[Short descriptive text snippets]
----------

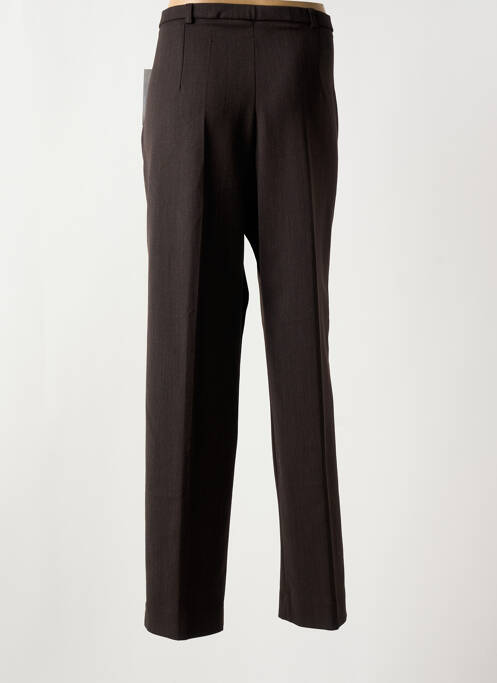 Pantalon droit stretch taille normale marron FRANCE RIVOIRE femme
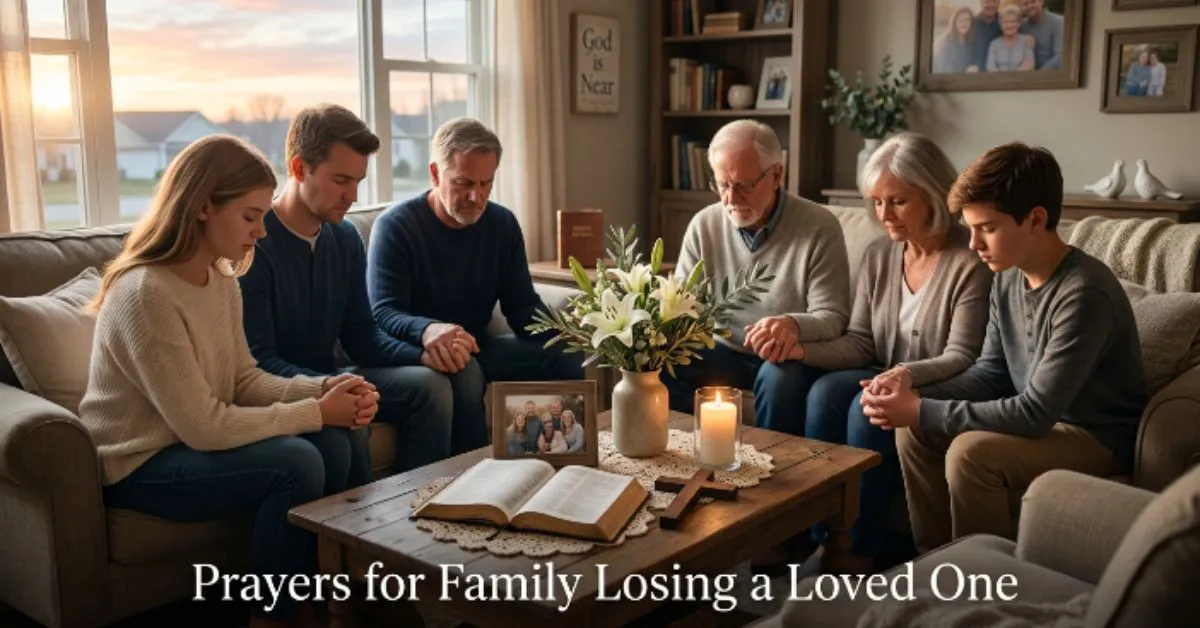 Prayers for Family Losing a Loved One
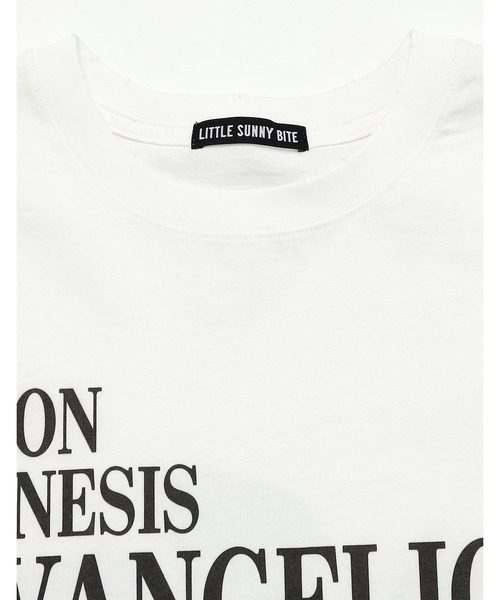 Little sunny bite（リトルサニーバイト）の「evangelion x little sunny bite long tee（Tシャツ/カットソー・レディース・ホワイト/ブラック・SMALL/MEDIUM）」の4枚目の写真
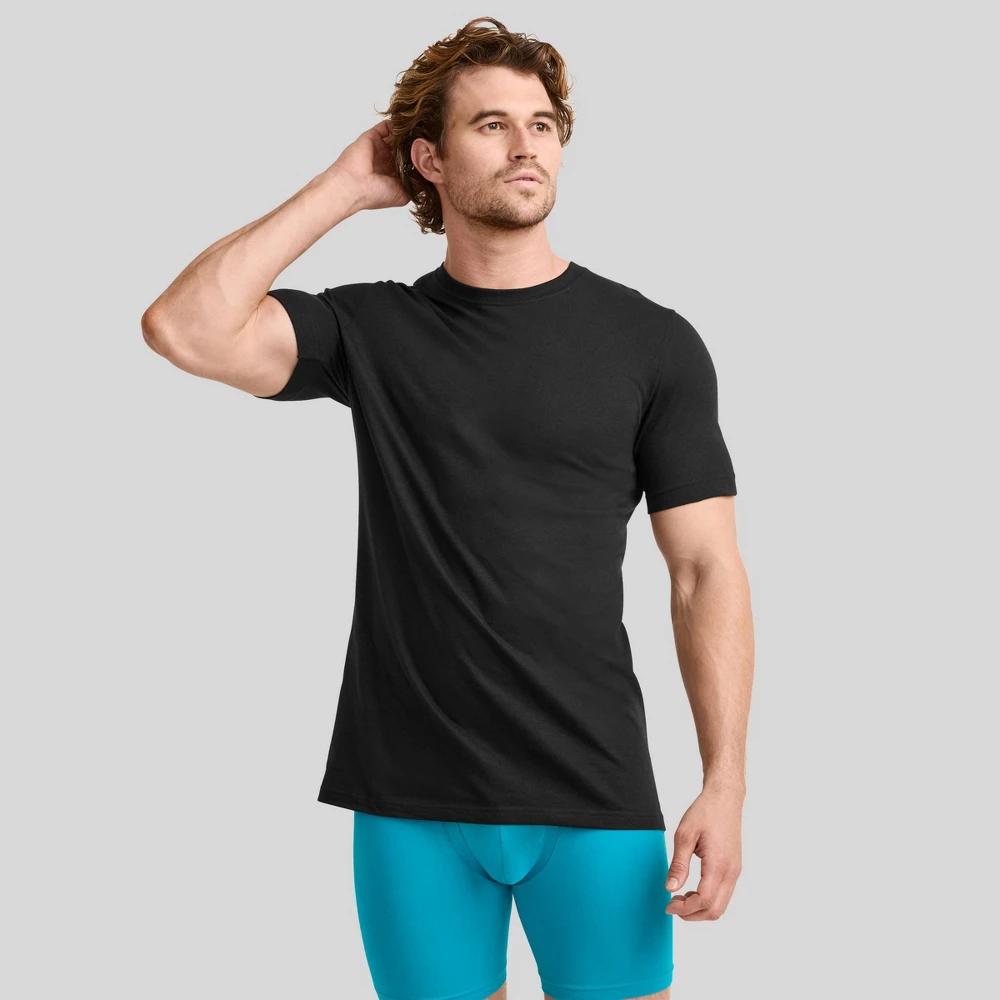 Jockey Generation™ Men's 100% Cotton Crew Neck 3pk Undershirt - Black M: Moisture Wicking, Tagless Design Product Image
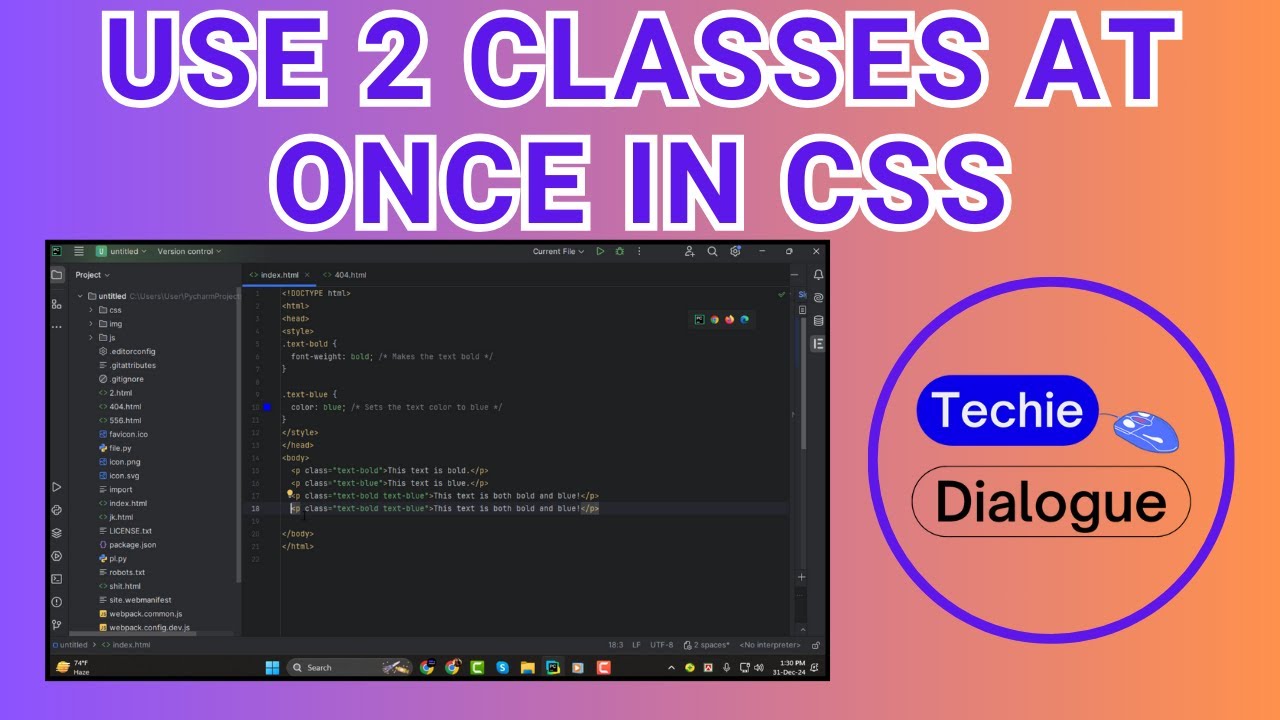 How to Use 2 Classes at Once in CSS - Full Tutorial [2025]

----------

> [Problem details] Transcription of the lines from the one with "Jockey Generation™ Men's" through the end of the entries is required, exact and with no pictures.

> [Output of the task]
 Jockey Generation™ Men's 100% Cotton Crew Neck 3pk Undershirt - Black M: Moisture Wicking, Tagless Design Product Image
 How to Use 2 Classes at Once in CSS - Full Tutorial [2025]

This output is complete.